Only certain lines below are wanted: those starting at the line containing "Women navy blue" and ending at the line containing "Fashionable V-neck Irregular", both included, each retyped exactly.
── Material for this exercise
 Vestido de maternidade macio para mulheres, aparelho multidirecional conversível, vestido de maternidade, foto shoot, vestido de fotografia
────
── Material for this exercise
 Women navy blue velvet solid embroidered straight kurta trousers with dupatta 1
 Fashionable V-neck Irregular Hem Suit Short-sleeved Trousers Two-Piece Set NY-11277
────
▸ **Response to this exercise**
 Women navy blue velvet solid embroidered straight kurta trousers with dupatta 1
 Fashionable V-neck Irregular Hem Suit Short-sleeved Trousers Two-Piece Set NY-11277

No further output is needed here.